Central Square

December 29, 2005

So I have had my office in Central Square, Cambridge, for more than 18 months now. I travel often enough, though, that my actual days in the office are far less than that 18 months suggests. So it is only recently that I have started to feel like Central Square is anything like my turf. If you don’t know Central Square at all, I will be at a loss to explain it well. If you do know Central Square well, you will probably find me to be a rank amateur, a rookie.

Central Square is defined by what it is not as much as by what it is. Central Square is not MIT, and it’s definitely not Harvard, though it straddles Massachusetts Avenue almost exactly equidistant between the two campuses. But while Harvard and MIT are world centers of power, influence, and intellect, Central Square is the center of the city of Cambridge itself—it’s where you will find Cambridge City Hall and the main post office of Cambridge, the headquarters of the Cambridge Police, the Cambridge YMCA and YWCA, and dozens of other municipal and state offices.

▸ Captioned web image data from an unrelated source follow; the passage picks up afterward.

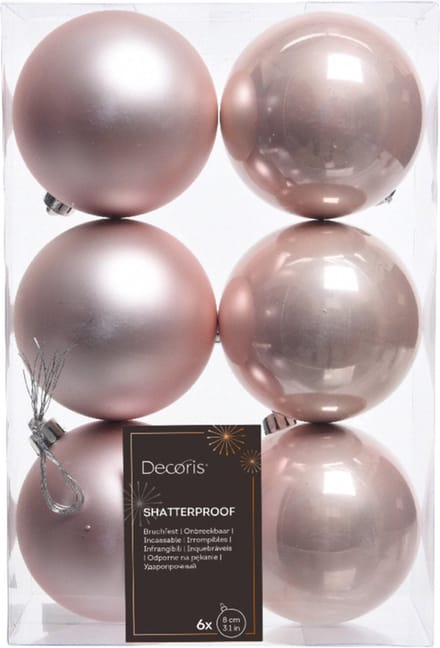 Decoris Kerstballen - 6x st - lichtroze - D8 cm - kunststof - mat/glans - kerstversiering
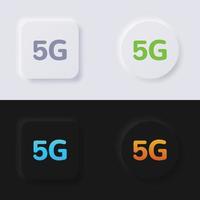 5g internet verbinding icoon set, veelkleurig neumorfisme knop zacht ui ontwerp voor web ontwerp, toepassing ui en meer, knop, vector. vector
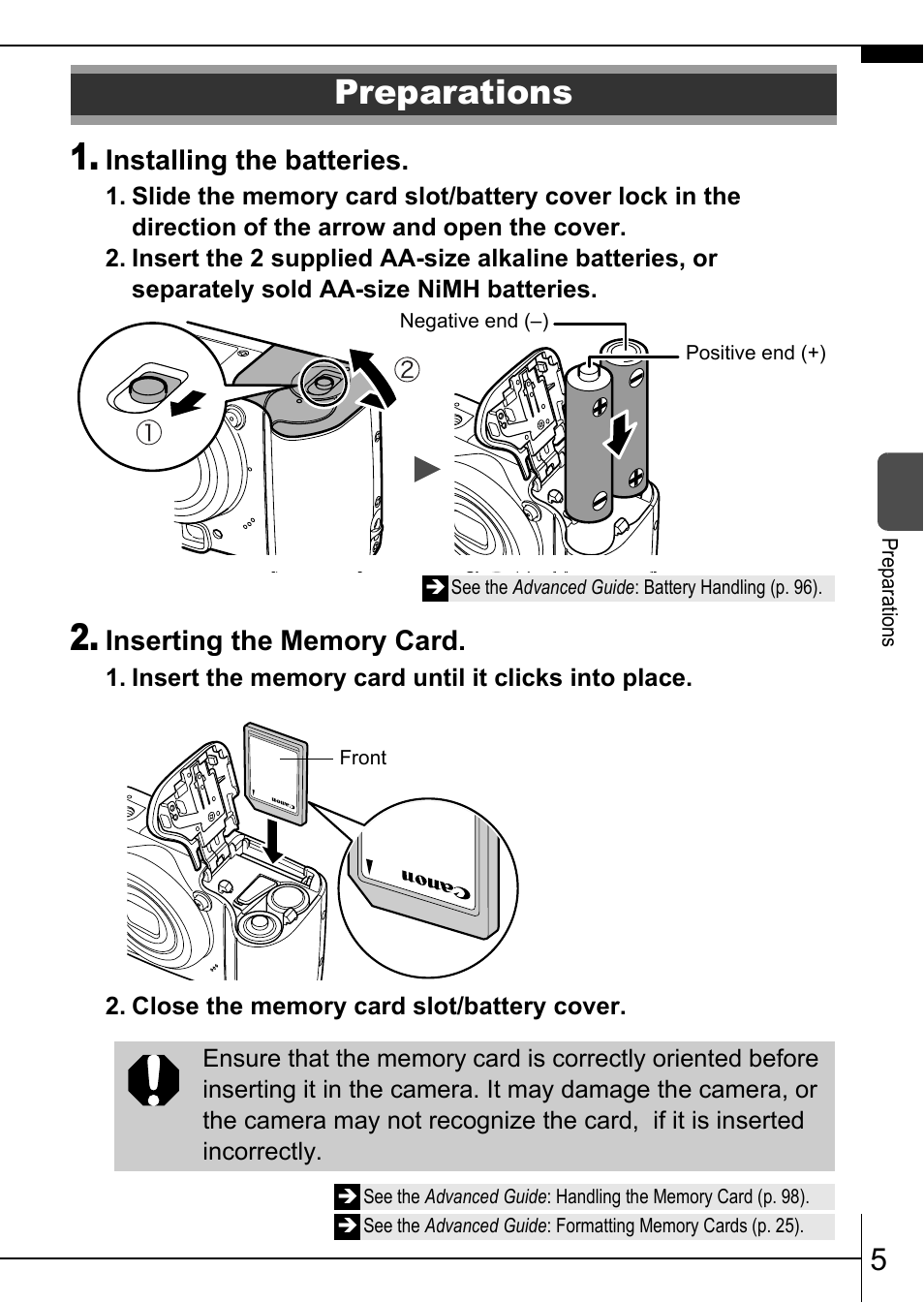 Preparations, Lock, P. 5) | Installing the batteries | Canon A570 IS User Manual | Page 7 / 36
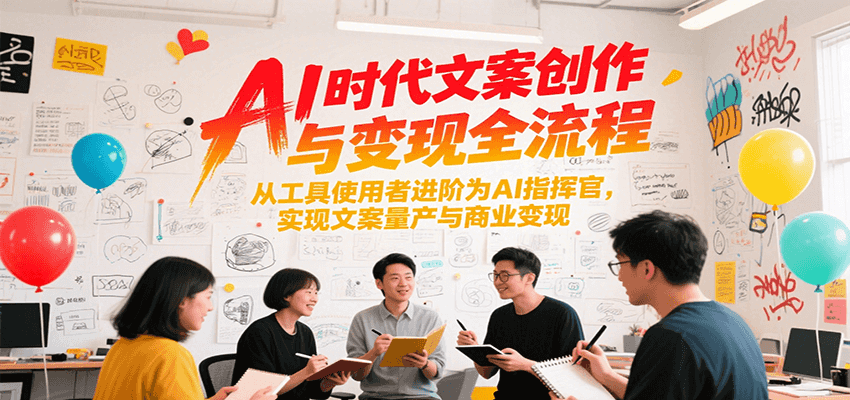 AI时代文案创作与变现全流程，从工具使用者进阶为AI指挥官，实现文案量产与商业变现-3YVIP资源库
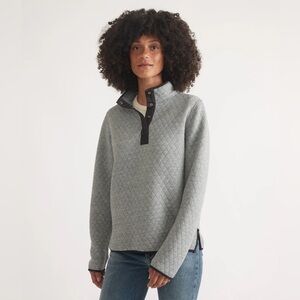 Marine Layer Gray Quilted Women's Turtleneck Sweater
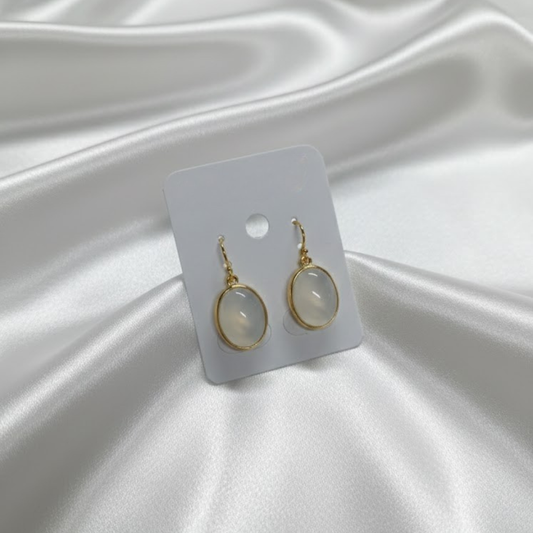 White Oval Earrings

Yet Central Square has only a tenuous hold on its role as the municipal center of Cambridge. In the classic tension of town versus gown, Central Square is every bit of town as Harvard and MIT are gown. It has stores that most Harvard and MIT students have never visited and likely never will have to--discount stores and dollar-amas, Goodwill Thrift Stores, and convenience stores that really are Keno parlors that happen to sell cigarettes and candy bars. It has a few bars that attract a younger crowd, but many more that don't--the sort of places that used to be called "Taps"--where older men nurse a few drinks for hours.

And it has street people. I started to write "homeless people," but I honestly don't know if they are homeless or not. Many of them are fighting one demon or more. They talk to themselves. They wander aimlessly. They ask you for money--some of them more menacingly than others. They idle at the benches, at the corners, and in the cavernous Dunkin Donuts where I get my morning coffee. One hot day this August, a giant of a man stood stalk still in the middle of Massachusetts Avenue, stopping all traffic, and then lay down. He didn't budge when first one pair of cops, then another, tried to rouse him. I watched for about 10 minutes, some EMTs arrived, and I moved on. The other day I watched a man wretching into a trash barrel, his female companion, nonplussed, waiting next to him. A couple of months ago, a handsome young black man sprinted by me on the sidewalk, three uniformed cops huffing and puffing behind him. No one took much notice.

You get the picture.

Yet despite these problems, Central Square has a lot of good things to point at. You can find almost any kind of restaurant in Central Square. It cornered the Boston-area market on Indian food ages ago, and you can walk for five minutes through Central Square and find excellent Korean, Vietnamese, Thai, Mexican, Bengali, Ethiopian, and Tibetan food. The last few years have seen upscale restaurants move in, but the mix of restaurants is far more interesting than any single one. I have guessed, but have yet to prove, that you could eat at a different restaurant every day for several months before starting to repeat yourself.

And it has vitality. Central Square is never empty, and it is rarely quiet. It has the dollar-amas and the thrift stores, but it also has bookstores, record stores, artisan shops, ethnic food stores, and more liquor stores in a few blocks than any neighborhood should have. Cheapo Records, the first used record store that I haunted, is still there, as are independent book stores and a Ten Thousand Villages, which sells fairly traded handicrafts from around the world.

It is all these things together that make Central Square so appealing to me. It is the good and the bad, the seedy and the hip, the way it struggles and the way it somehow thrives. When I climb the stairs out of the subway in the morning, I know I'm not stepping onto some chic avenue or into the hermetic seal of an office tower. I'll duck in and out of Dunkin Donuts, fend off an angry beggar or two. And then I'll make my way down the wide sidewalk of Massachusetts Avenue, and take in a few minutes of Central Square before reaching my office and the business of the day.